Zum ersten, zum zweiten, zum dritten...“ Wie nirgendwo sonst im Kunstbetrieb werden bei einer Auktion Preise für Kunst festgesetzt – manchmal regelrecht hochgeschraubt. Hier können Werte in astronomische Höhen steigen und andere Werke abstürzen. Bekommt das Exponat einen Zuschlag, erhöht sich der Preis noch einmal um das so genannte Aufgeld, das meist 30 Prozent umfasst, und einen Teil der Kosten des Auktionshauses decken soll. Denn die Versteigerung ist nur ein Element der Arbeit.
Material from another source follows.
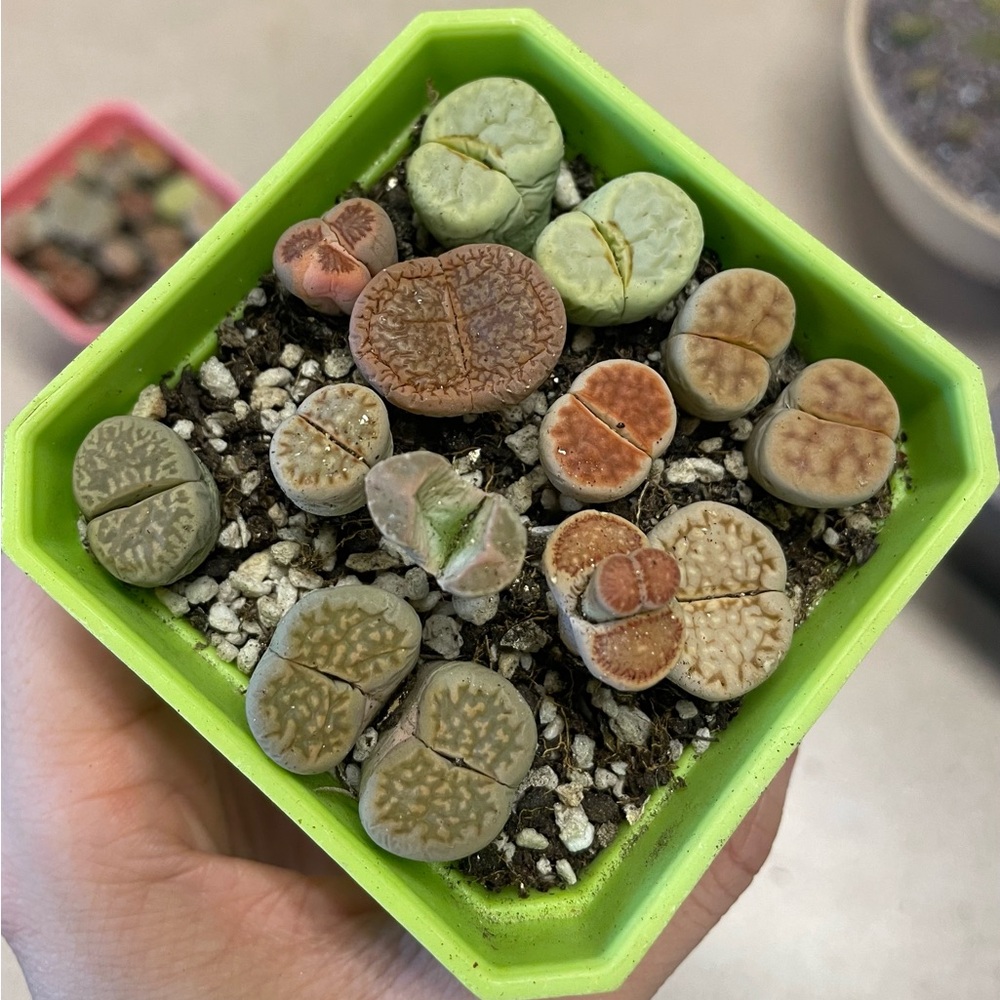 Colorful Lithops Succulent Plants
Die Gemälde oder Skulpturen, Fotografien, Möbel oder Miniaturen werden im Vorfeld zur Besichtigung ausgestellt. Besucher können sich dann gezielt informieren. Die Mitarbeiter prüfen außerdem die Kunstwerke auf ihre Herkunft und Echtheit, produzieren Kataloge, legen Schätzpreise fest und akquirieren neue Werke. Die Marktführer Sotheby’s und Christie’s haben Dependancen in aller Welt, aber auch die Villa Grisebach, das wichtigste Auktionshaus in Berlin, betreibt zahlreiche Repräsentanzen im In- und Ausland. Die Auktionen finden halbjährlich statt, die nächsten Anfang Juni. Insgesamt gibt es in Deutschland rund 3000 Auktionshäuser. Eine Übersicht findet sich unter www.kunstversteigerer.de.